Moody’s noted that rising property prices have contributed to declining affordability and an all-time high aggregate housing debt level of 140 per cent of disposable incomes.
At the same time, the mortgage market is becoming distorted, with investors buying in increasing numbers and first home buyers finding it harder to enter the market.
“These trends pose a threat to Australian banks because they increase the risk of an eventual correction in the housing market,” Moody’s said.
“While we expect such an adjustment to be gradual, execution risk is significant and the likelihood of an outright house price correction is rising.”
Moody's admitted that interest rates remain low and more banks are fine-tuning their underwriting discipline and capital adjustment.
“However, the longer-term sustainability of their housing portfolios could be masked by current record-low interest rates,” the agency said, adding that high levels of household indebtedness further expose the economy to the risk of a sharp house-price retrenchment.
“Both historically and in comparison to other OECD countries, Australian borrowers’ vulnerability to economic shocks is elevated and unprecedented,” Moody's said.
Mortgage delinquencies are currently low, but these are expected to deteriorate when and if interest rates return to historical averages.

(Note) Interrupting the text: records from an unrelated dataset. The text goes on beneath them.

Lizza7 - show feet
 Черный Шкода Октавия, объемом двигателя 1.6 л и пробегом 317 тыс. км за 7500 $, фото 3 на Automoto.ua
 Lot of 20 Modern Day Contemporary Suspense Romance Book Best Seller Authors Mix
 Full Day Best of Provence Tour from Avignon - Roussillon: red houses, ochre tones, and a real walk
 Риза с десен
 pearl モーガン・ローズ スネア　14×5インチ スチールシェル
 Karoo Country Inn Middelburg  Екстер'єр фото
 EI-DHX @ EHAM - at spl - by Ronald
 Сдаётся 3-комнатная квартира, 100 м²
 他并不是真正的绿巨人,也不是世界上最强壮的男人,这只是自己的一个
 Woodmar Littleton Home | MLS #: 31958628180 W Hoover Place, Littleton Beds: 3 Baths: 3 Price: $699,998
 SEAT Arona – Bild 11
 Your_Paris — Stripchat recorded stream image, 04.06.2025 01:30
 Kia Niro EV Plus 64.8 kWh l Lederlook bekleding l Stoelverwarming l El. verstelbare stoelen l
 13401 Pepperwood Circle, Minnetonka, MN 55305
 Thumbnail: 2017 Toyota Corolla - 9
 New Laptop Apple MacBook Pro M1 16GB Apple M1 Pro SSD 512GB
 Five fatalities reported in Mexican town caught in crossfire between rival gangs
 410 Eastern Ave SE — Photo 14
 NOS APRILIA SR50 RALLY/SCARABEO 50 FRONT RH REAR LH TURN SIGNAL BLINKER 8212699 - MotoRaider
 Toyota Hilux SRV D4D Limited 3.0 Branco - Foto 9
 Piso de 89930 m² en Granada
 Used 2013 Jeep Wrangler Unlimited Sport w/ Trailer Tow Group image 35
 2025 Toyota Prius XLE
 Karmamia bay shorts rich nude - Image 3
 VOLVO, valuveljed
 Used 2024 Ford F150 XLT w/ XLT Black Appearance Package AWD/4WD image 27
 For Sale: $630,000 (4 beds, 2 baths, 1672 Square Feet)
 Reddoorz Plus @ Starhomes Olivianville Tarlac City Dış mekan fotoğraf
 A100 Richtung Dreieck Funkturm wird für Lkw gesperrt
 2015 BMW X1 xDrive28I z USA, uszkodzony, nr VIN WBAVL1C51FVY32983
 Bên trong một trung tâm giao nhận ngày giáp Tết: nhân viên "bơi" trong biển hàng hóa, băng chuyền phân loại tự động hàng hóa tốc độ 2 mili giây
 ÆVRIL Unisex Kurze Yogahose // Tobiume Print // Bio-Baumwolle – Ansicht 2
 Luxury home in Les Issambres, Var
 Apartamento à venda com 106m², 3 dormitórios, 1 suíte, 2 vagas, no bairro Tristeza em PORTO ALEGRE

One issue to watch is the extent to which the growth in household debt and house prices is accompanied by loosening mortgage underwriting standards, according to Moody’s.
“We view the 2014 and 2015 origination vintages as weakening the quality of bank portfolios,” the agency said.
“The increasing proportion of investment and interest-only loans is likely to, over time, lead to structurally higher levels of delinquency.”
Moody’s expects the banking industry to meet the challenges posed by current housing market trends by strengthening its capital framework and mortgage risk weights.
This would help address “the potential underestimation of required capital” under the current regime, it said.
“In Australia, which has experienced uninterrupted growth since 1991, capital models, calibrated on historical data, may be understating the true ‘through-the-cycle’ risk,” Moody’s said
“For instance, residential mortgage risk weights have seen a secular downward trend over the past five years, a trend that is in our view hard to justify given the absence of significant changes in the quality of origination post-crisis and the building tail risk in the housing market.”